There’s something about a Doris Day romantic comedy. They’re sparkly, glossy and delightful. If a Doris Day movie was a drink, it would be a flute of champagne overflowing with bubbles.
These “sex comedies” were made right before the 60s sexual revolution in America, so while there are some clever double entendres and suggestive scenarios, the movies are relatively tame. Day starred in a few marital or domestic comedies, but her most popular romantic films usually involved a charming womanizer wanting to bed the wholesome girl next door who was waiting until marriage to have sex.
But if the sexual politics in these storylines fell out of favor by the late 1960s, why would the romantic comedies interest today’s viewers?
Bottom line: these movies are all about the tropes. Romance readers will recognize many of the themes, character archetypes and plot devices in these comedies. There’s the battle of the sexes, the bet, the big misunderstanding, enemies to lovers, the good girl versus the bad boy, the meet cute and mistaken identities, just to name a few.

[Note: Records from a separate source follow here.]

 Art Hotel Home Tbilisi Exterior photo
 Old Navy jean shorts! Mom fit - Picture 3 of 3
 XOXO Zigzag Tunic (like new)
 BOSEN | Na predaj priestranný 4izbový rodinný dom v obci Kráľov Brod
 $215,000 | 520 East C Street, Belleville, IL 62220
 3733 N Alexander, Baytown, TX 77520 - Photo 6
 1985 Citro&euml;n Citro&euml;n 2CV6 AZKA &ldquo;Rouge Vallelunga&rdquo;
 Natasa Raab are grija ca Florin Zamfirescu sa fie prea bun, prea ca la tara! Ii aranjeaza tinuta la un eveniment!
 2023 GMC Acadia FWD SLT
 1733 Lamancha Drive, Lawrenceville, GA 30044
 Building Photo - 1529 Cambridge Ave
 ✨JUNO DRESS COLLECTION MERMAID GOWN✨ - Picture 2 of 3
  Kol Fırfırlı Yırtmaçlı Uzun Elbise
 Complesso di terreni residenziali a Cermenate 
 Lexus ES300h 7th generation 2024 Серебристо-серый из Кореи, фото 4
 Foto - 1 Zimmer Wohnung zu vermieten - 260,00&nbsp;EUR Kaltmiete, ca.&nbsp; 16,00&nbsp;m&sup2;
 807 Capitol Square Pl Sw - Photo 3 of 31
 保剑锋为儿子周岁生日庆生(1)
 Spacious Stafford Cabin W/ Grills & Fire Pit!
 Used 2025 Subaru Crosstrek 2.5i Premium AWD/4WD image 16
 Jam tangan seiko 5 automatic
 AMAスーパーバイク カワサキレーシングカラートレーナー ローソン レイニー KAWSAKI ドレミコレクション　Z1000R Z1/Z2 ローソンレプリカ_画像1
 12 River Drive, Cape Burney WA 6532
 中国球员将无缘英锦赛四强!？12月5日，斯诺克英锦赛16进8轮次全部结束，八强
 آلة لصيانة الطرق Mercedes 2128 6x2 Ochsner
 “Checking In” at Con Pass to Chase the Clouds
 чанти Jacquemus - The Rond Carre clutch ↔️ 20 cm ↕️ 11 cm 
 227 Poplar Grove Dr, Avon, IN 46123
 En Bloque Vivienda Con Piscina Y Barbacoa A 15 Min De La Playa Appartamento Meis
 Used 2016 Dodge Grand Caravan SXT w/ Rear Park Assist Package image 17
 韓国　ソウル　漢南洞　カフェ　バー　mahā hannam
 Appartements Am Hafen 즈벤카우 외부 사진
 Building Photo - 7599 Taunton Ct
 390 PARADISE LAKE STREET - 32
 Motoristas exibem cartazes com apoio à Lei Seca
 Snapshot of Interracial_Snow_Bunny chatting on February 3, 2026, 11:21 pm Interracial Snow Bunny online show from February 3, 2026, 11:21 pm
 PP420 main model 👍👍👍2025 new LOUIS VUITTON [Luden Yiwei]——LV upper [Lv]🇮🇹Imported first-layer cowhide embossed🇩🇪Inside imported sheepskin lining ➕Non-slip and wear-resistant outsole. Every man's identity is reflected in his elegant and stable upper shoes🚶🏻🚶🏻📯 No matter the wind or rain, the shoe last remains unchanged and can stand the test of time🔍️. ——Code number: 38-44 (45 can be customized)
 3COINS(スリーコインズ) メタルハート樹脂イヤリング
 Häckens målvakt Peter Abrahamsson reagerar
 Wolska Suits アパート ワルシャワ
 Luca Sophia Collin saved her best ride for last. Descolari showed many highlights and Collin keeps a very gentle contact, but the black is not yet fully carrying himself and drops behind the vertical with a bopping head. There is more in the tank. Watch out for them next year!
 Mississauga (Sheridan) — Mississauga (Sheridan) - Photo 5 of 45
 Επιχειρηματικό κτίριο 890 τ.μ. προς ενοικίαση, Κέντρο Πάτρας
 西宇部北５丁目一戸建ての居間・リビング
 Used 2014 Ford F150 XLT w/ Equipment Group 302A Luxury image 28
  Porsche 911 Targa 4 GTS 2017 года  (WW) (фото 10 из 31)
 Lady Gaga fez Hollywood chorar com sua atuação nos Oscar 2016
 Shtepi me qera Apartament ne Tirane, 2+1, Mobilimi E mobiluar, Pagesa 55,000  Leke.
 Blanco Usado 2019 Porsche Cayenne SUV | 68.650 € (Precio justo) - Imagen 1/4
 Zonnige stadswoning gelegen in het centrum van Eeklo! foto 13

Romance readers will also appreciate Day’s heroines. They are independent, feisty, and determined. In The Guardian’s obituary for Doris Day, it was pointed out that “of her film persona in the 60s, the critics Jane Clarke and Diana Simmonds wrote that Day “confronts the male and forces him to modify his attitudes and behaviour. Moreover, saying no to manipulative sexual situations is not the same as clinging to one’s virginity.” The clashing of wills, the heroine holding onto her values, and the impact she has on the hero are found in every romance novel.
With the beautiful costumes, rich romantic fantasy, and zany situations, Doris Day’s bedroom comedies are perfect when searching for light entertainment. If you need a pick-me-up, try Pillow Talk (1959) starring Rock Hudson. It’s the best known, but Day also teamed up with him in Lover Come Back (1961) and Send Me No Flowers (1964). Romance readers would also enjoy That Touch of Mink (1962) starring Cary Grant and Move Over, Darling (1963) with James Garner.
Once you’ve watched a few Doris Day romantic comedies, try Down With Love (2003) starring Renee Zellweger and Ewan McGregor. The Rotten Tomatoes website describes the movie as “a post-modern sex comedy set in the early 1960s centering upon a love affair between a best-selling advice author and a hotshot journalist/playboy.” This tongue-in-cheek homage to the bedroom comedies used most of the beloved tropes and then gave them an updated twist.